What makes a great teacher?

  • What makes a great teacher

Teaching is certainly one of the most legitimate and socially-useful professions in the world. Nations and communities can expect a huge return on their investment in education. In the face of increasing complexity and challenges, teaching deserves recognition, respect, and support. Perhaps more than ever this is the case right now. I would like to share what I have learned about the qualities that make great teachers.

Great teachers have a unique way of building relationships: way beyond the competence in their subject-matters, teachers know that making kids confident and happy with skills in reading, writing, speaking different languages, solving maths problems, or quite simply diving into history, are the key elements to their intellectual progress and motivation.

The best teachers perceive, understand and adapt to each child’s way of learning: their magic works when they deliver more visual content to child A, stimulate the auditive capacity of child B, encourage the competitive spirit of child C or wrap up child D are the adapted emotional framework. Each child who feels he or she is worthy of sincere interest on the part of a teacher becomes empowered.

Great teachers set high standards for students’ behavior as well as their work. They work on the assumption that students are more capable than they actually think. They often do not need to sanction or intervene: students intuitively feel they are expected to meet the told and untold standards. Great teachers know how to postpone reward: making sure young children in the 21st century, living in this world of instant gratification, learn that greater rewards await them at the end of a prolonged effort.
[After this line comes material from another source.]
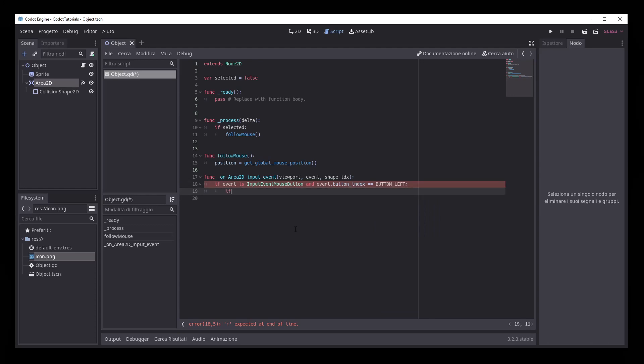Then, we set the SELECTED variable to TRUE when the button is pressed, and to FALSE when the button is released.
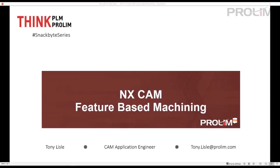Hello, this is Tony Lyle, a CAM application engineer at Prolim. In this Snackbyte, I'm going to show a quick demonstration on feature-based machining in NX CAM.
Great teachers connect to the real world: students profoundly need the motivation to know that the time spent in the classroom learning will help them to understand and thrive in their environment.

Great teachers have adopted a growth mindset, and are determined to improve things, through their own life-long professional development. I have met many adults who think they know better about education and teaching: in my view, they would not last a single week in a classroom full of life, emotions, and aspirations.

Great teachers are great coaches, mediators, and deliverers of intellectual mastery. They deserve our gratitude and empowerment.